Researchers Test LAMA Monotherapy in Asthma Patients


In a poster presented at the ERS Virtual Conference, investigators identify the relative rate of severe asthma exacerbations using LAMA monotherapy.

asthma, pediatric asthma, pulmonology

While long-acting muscarinic antagonists (LAMA) are indicated only as an add-on therapy for asthmatic patients, many clinicians have concerns regarding monotherapy use of the treatment.

A team, led by Esme J. Baan, Department of Medical Informatics, Erasmus University Medical Center, presented new data during the European Respiratory Society Congress 2020 (ERS 2020) Virtual Conference, examining the prevalence of LAMA monotherapy and its potential link to severe asthma exacerbations in patients with asthma.

In the cohort study, the investigators used data from the IPCI primary care database involving 66,508 asthma patients between 6-50 years who used LAMA during the follow-up period between 2007-2017. Each respiratory prescription was retrieved from the electronic medical records based on ATC code.

The research team categorized asthma treatment periods as LAMA mono, double (LAMA-ICS), or triple therapy (LAMA + ICS + LABA) and collected patient characteristics such as age, sex, history of exacerbations, and comorbidities at the start of each treatment period.

The investigators used a Poisson regression analysis to calculate the relative rate (RR) of severe asthma exacerbations, adjusting for patient characteristics.

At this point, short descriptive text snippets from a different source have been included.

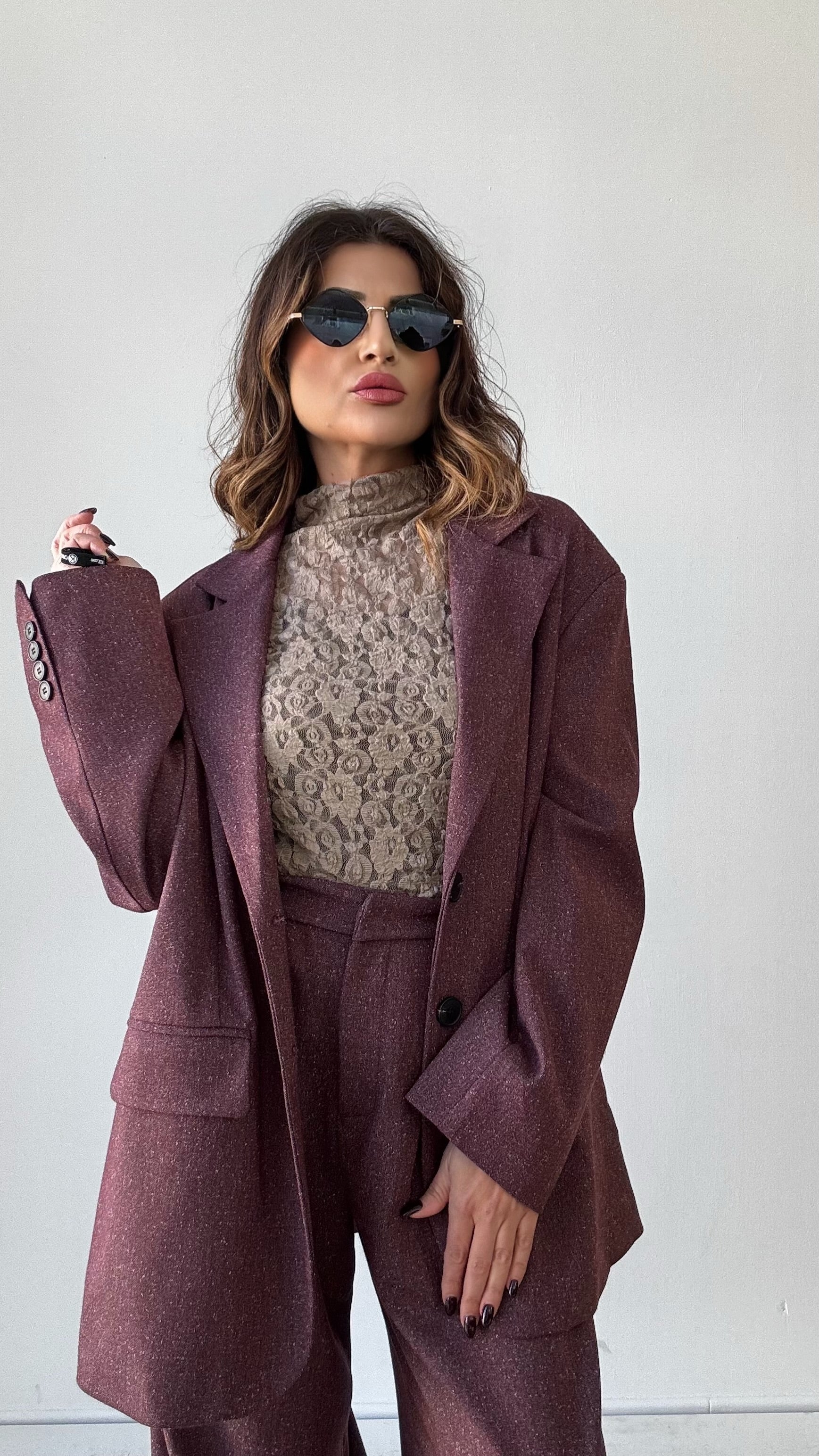 BLAZER ROBY    LUMINA BORDEAUX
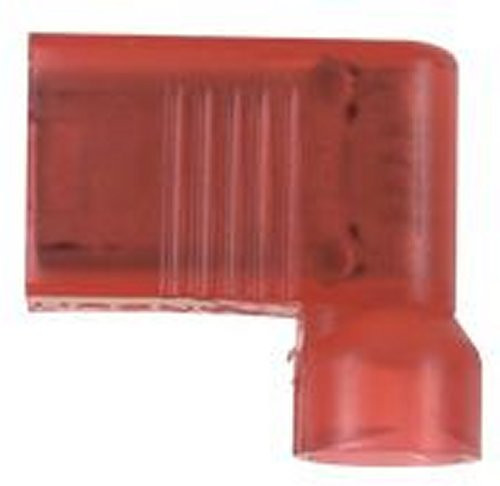 100 Pack 22-18 AWG Nylon Female Flag Terminal Right Angle 1/4″ Tabs USA Made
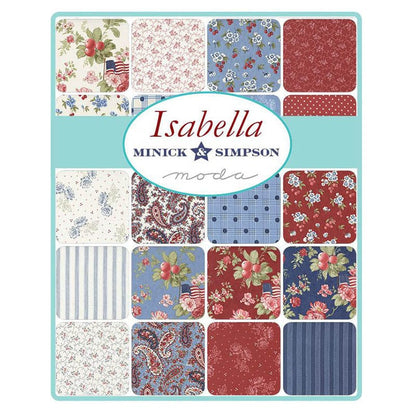 Multi-coloured Reproduction Moda Fabric Pre Cuts Moda Isabella Layer Cake 14940LC - The Sewing Studio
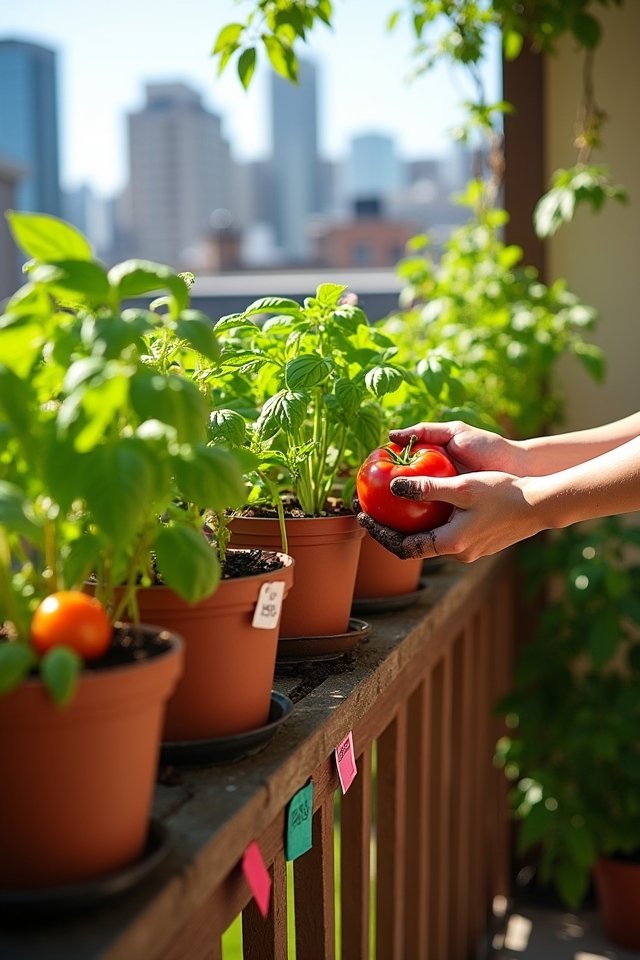 fresh balcony vegetable garden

The researchers sought main outcome measures of the relative rate of severe exacerbations, measured by oral corticosteroid use, emergency department visits or hospitalizations for asthma.

A total of 3596 LAMA treatment periods were identified, 1390 (38.7%) of which were considered LAMA monotherapy, 553 (15.4%) of which were double therapy, and 1653 (46.0%) were triple therapy.

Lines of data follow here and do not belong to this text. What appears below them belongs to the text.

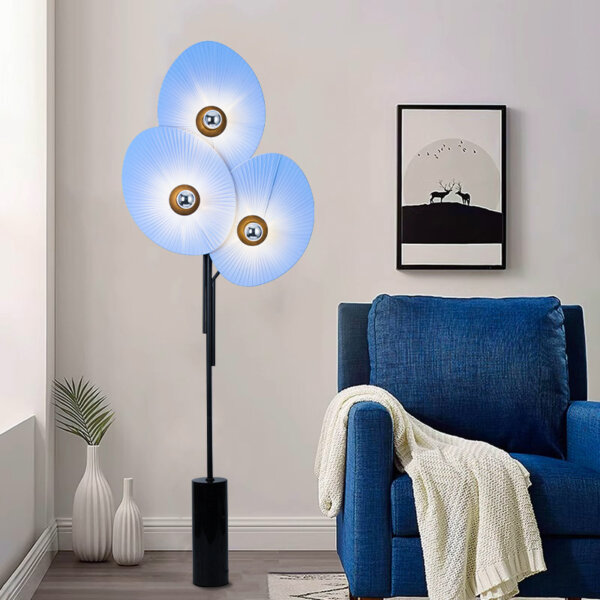 H180CM Yellow Red Blue Flower Floor Light - 图片 4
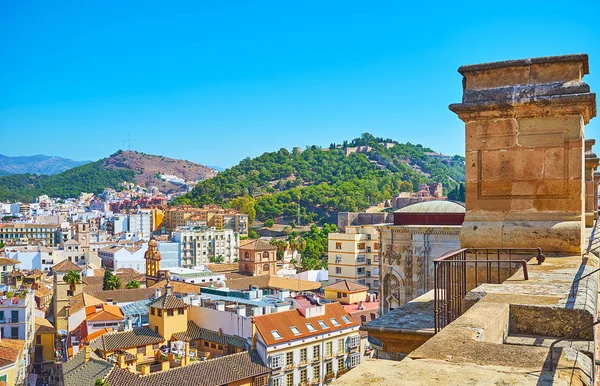 Sul tetto della Cattedrale di Malaga, Spagna — Foto Stock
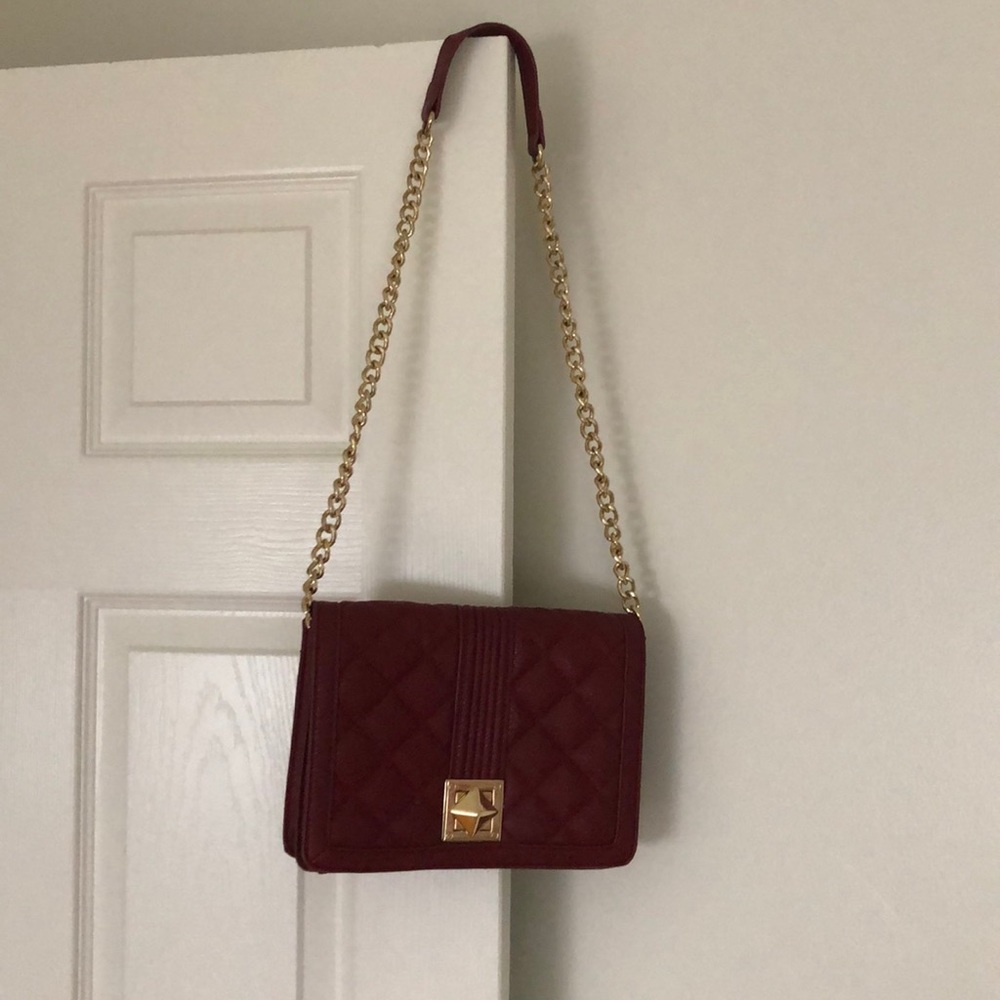 Burgundy Quilted Purse by BCBGeneration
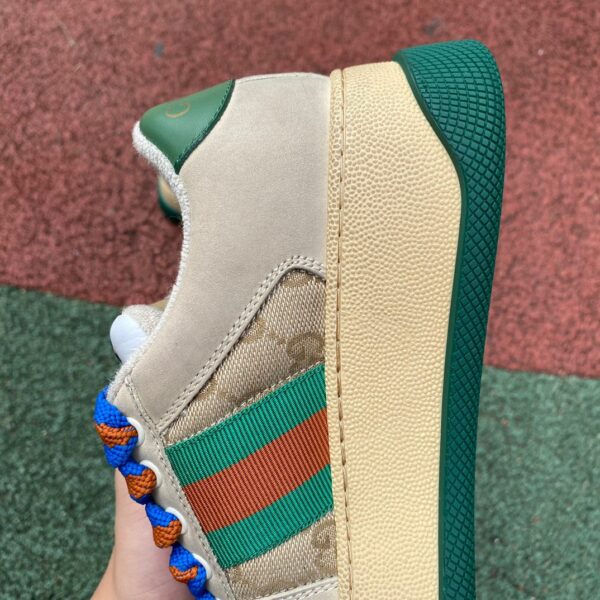 Gucci Thick-Soled Chubby Rice Gray Green - Image 3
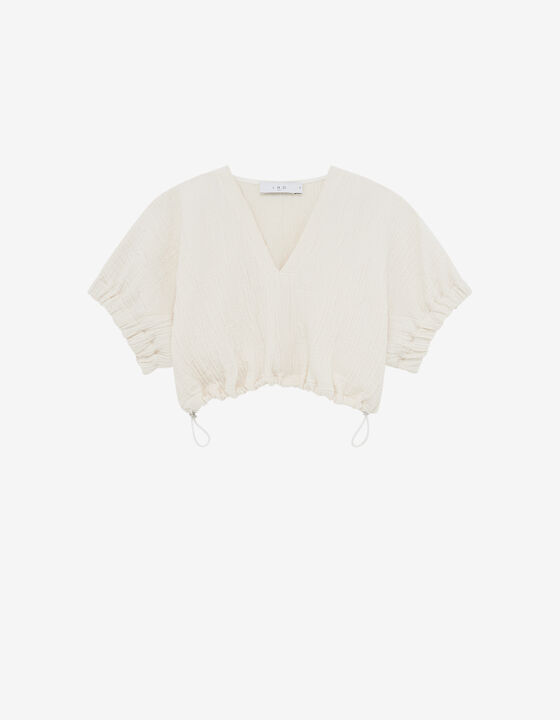 TOP RACCOURCI JACQUARD COL V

For all the patients using LAMA treatments, the relative rate of severe asthma exacerbations during monotherapy compared to double therapy was 1.58 (95% CI, 0.52-4.77; P = 0.18). After excluding patients who used triple therapy, the relative rate increased to 5.72 (95% CI, 1.39-23.62; P = 0.016).

In comparisons, for patients in the triple therapy group, the relative risk was 3.17 (95% CI, 1.09-9.16; P = 0.033).

“This observational study shows that LAMA is frequently prescribed as monotherapy (i.e. without concurrent ICS) which is associated with an increased risk of exacerbations,” the authors wrote. “This emphasizes the need to check for ICS use when prescribing LAMA to asthmatic patients.”

Recently, investigators found 1 way to reduce severe asthma exacerbation rates was dupilumab.

The investigators obtained data from the phase 3 QUEST and phase 2b studies to identify 3 subgroups of patients with baseline blood eosinophil count, inhaled corticosteroids dose, and number of severe exacerbations that matched the key inclusion criteria of clinical trials of anti-IL-5 biologics.

The team found dupilumab 200 mg and 300 mg every 2 weeks significantly reduced the annualized severe exacerbation rate in all 3 subgroups versus the standard of care. The exacerbation rate ratio for each subgroup was .26 (95% CI, .21-.33), .36 (95% CI, .29-.44), and .29 (95% CI, .23-.36), respectively, which represented a 64-74% relative exacerbation rate reduction.

The study, (in)Appropriate LAMA Prescribing in Asthma patients: a Cohort Analysis (the ALPACA study), was published online by ERS 2020.